With regard to digital forensics, Jilala and Lwoga wrote, cyberattacks and their risks have “resulted in a call for a need to establish a strong and robust cyber-forensic section in Tanzania.” The country is well on its way, they added, pointing out: “The only fastest growing forensic area in Tanzania is forensic cyberspace and digital informatics because these fields of studies have been established at the University of Dodoma.”

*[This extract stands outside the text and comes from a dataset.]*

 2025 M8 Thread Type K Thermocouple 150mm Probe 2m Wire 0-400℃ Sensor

Technical case studies and other research
At Science & Justice, CCL Forensics’ Matt Tart discussed “Cell site analysis: Changes to networks with time.” Outlining “a case in which there was a significant time gap between the analysis of call data records and the date on which they were generated,” Tart observed that changes to cell service areas based on carrier activity could result in misleading data and needed to be accounted for with regards to cell site data used as evidence.
At DFIR Review, Graeme Horsman and Linda Shou examined and interpreted digital trace evidence found on iOS 13.3 following usage of the TikTok application. “Case Study: Forensic Analysis of TikTok on iOS” addressed TikTok artifacts not been previously addressed by other research papers.

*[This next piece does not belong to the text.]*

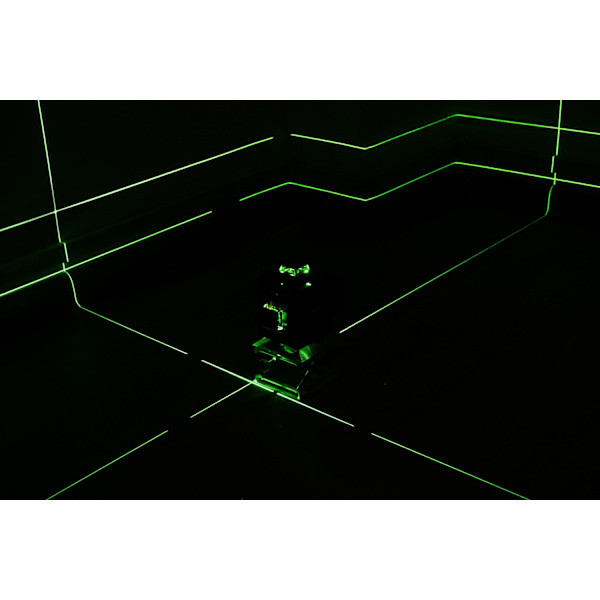 4D Krysslaser / Linjelaser / Korslaser - 360° multif\u00e4rg multicolor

iOS app analysis was also the subject of Kevin Pagano and Alexis Brignoni’s DFIR Review article, “Ain’t That a Kik in the Head: Kik Messenger iOS Analysis.” The authors wanted to find out what kinds of information could be parsed from Kik messages, whether it could be shown if attachments were sent or received, and whether any images were stuck in a pending upload status. Various databases and tables of interest were described, as well as the format in which attachments can be found and their metadata.
Meanwhile, Greg Thornton and Pooneh Bagheri Zadeh, of UK-based Leeds Beckett University, discussed “An investigation into Unmanned Aerial System (UAS) forensics: Data extraction & analysis.” They proposed a new framework to perform a full forensic analysis of small to medium sized commercial drone devices and their controllers, identifying a set of forensic best practices for these devices that “overcomes some limitations of other drone forensics investigation frameworks presented in the literature.”
Finally, a team of researchers in India discussed “FbHash-E: A time and memory efficient version of FbHash similarity hashing algorithm.” Authored by Monika Singh, Anviksha Khunteta, Mohona Ghosh, Donghoon Chang, and Somitra Kumar Sanadhya, the paper not only proposed the titular new tool with its improvements in computational speed and memory footprint, but also ensured its resistance to attack and, through a new consistency test, showed the tool “is more robust and stable against different modifications.”
Reducing carbon footprints for Earth Day
The Leahy Center also recommended, on Earth Day, five ways to reduce or offset online carbon footprints. Done collectively, these infinitesimal behaviors could have a bigger impact:
- Try a different browser, or at least, different search engines (such as Ecosia) or extensions (like Ocean Hero) that give back to the environment. These small changes rely on existing behavior to offer passive help.
- Other browser extensions, such as Offset Mode, can calculate the digital carbon footprint of everyday activities like browsing, streaming, and downloading data.
- Delete old emails to reduce the energy associated with storing and displaying the data; send fewer emails with links instead of large attachments.
- Upgrade technology less often to “encourage a reduction in the amount of tech being produced, transported, and wasted.”
- Support alternative, renewable energy resources, such as solar, wind, hydro, and geothermal power, and their value to “every level of the supply chain.”